Commendation: The Diamond Engineering Building, The University of Sheffield
Representing The University of Sheffield’s largest ever investment in teaching and learning, The Diamond Engineering Building is a new undergraduate facility.
Architect: Twelve Architects
Structural engineer: Arup
Steelwork contractor: Billington Structures Ltd
Main contractor: Balfour Beatty
Client: The University of SheffieldSheffield University’s 19,500m² Diamond Engineering Building will provide specialist engineering laboratories, lecture theatres, flexible seminar rooms, open-plan learning and social spaces, integrated formal and informal learning environments, a library and a café.
The intention is that the six-storey building will promote collaborative working and multi-disciplinary learning for the 5,000 student study spaces available.
The Diamond’s design is said to be both conceptual and practical, as well as being sympathetic to the existing architecture of the area – in particular the stone tracery of St George’s Church windows from which the exterior panelling was inspired.
Designed by London-based Twelve Architects, the building’s name derives from its unique exterior façade of interconnected diamonds in anodised aluminium that are fitted to the exterior glass cladding.
“Using steelwork within this hybrid designed building helped us create the central atrium with lightweight and slender columns,” says Twelve Architects Director Matt Cartwright. “While the feature cladding system is also hung from a roof level steel truss.”
With a BREEAM ‘Excellent’ rating, the structure is also environmentally efficient. The explicit positioning of windows maximises the inflow of natural light into the laboratories, and aids ventilation without the sole reliance on air conditioning.
The ground floor has three access points to the central atrium with full-height glazing on the north and south edges giving internal views into the specialist engineering laboratories. This showcases the diversity of research and learning, as well as the University’s philosophy on cross-disciplinary study.
The glazed apertures between the higher levels allow both the roof lights and daylight to flood into the open-plan study spaces below, while also creating acoustic separation.
A large proportion of the structure below roof level was neither on grid, nor orthogonal in set-out but the adaptable and slender nature of steel construction lent itself to the unusual design.
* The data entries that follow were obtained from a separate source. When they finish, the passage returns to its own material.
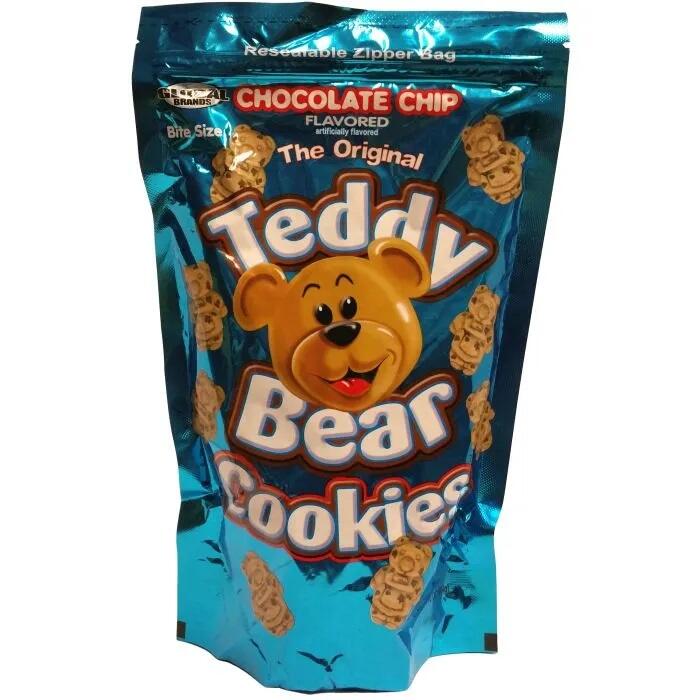 Teddy Bear Cookies Bag Chocolate Chip 12oz: $8.94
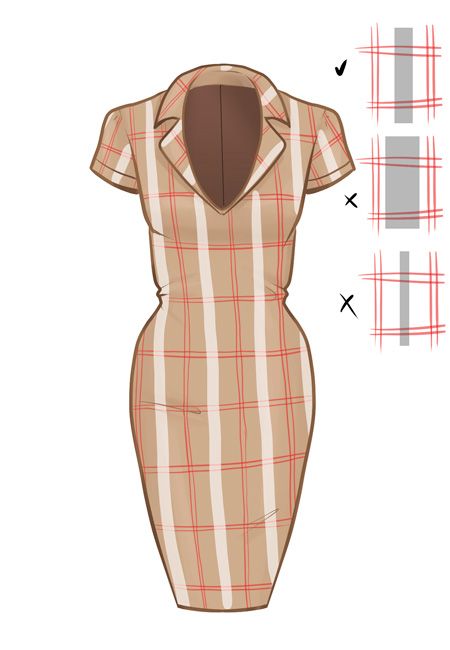 450x650 How To Draw Burberry Plaid People Drawing And The Clothes They - Plaid Drawing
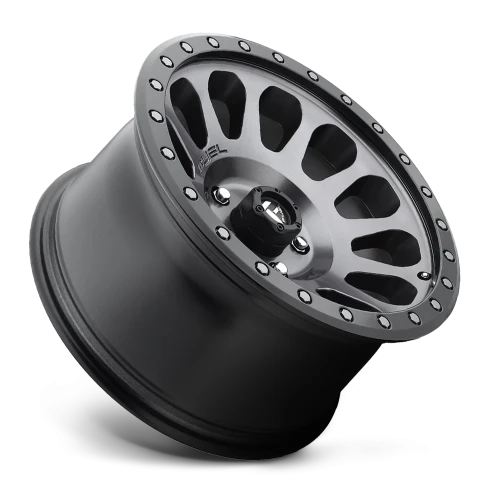 Fuel Vector Aus D601 17x8.5 +20 5x120mm 65.1mm Anthracite Black Bead Ring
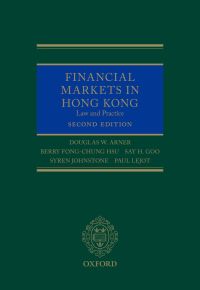 Cover image: Financial Markets in Hong Kong 2nd edition 9780198706472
All steelwork below roof level was bevelled including the curved window frames.
The initially specified instruction for connections to the façade panels was a drilled and tapped detail, however this was not practical due to the building tolerances involved. Instead, the connections were formed using offsite shop-welded propriety studs which reduced costs significantly and saved weeks of additional construction time.
The steel was brought to site in approximately five to 10 tonne lots, to arrive and be erected in numbered sequence for safety, practicality due to limited on-site storage and stability during construction. The programme also had to consider minimising the disruption to the students; something the entire site team remained mindful of throughout the construction.
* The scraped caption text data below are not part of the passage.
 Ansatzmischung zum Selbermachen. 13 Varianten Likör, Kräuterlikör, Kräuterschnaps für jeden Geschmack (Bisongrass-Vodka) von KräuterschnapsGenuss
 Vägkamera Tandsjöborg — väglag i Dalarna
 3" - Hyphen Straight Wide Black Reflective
In the brief the University requested a building that would be a significant move toward their long-term goals of substantially increasing the Engineering Department, and becoming the UK’s leading Engineering University.
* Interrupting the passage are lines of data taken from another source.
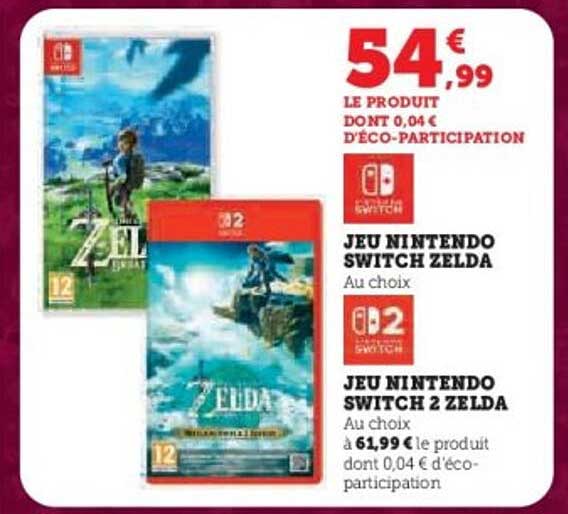 JEU NINTENDO SWITCH ZELDA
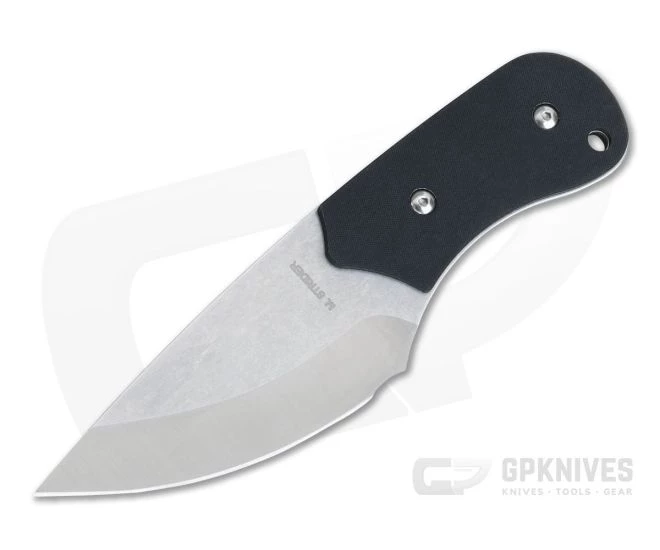 M. Strider Knives Zipper Slim Compact CTS-40CP Skinner Neck Knife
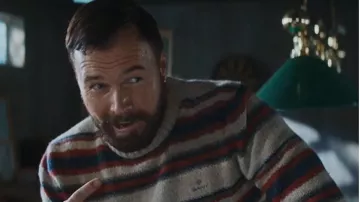 El suéter a rayas Glove usado por Dave (Christian Rubeck) en la película The Trip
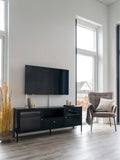 Dalby TV-Bank Stahl/Glas, schwarz TV-Bank Living Nordic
“The Diamond has excelled expectations and we are proud to have been chosen as steelwork contractors by a local University, and especially to have been involved in the development of our future engineers,” says Billington Structures Contracts Director Brian Turton.
Summing up the judges say, a testament to the success of this imaginatively designed university building is how well it is used by the students. Exposed steelwork elements, including an immaculate spiral staircase, contribute to the architectural language of the interior. This well-crafted building with its excellent internal environment is bound to inspire all who use it.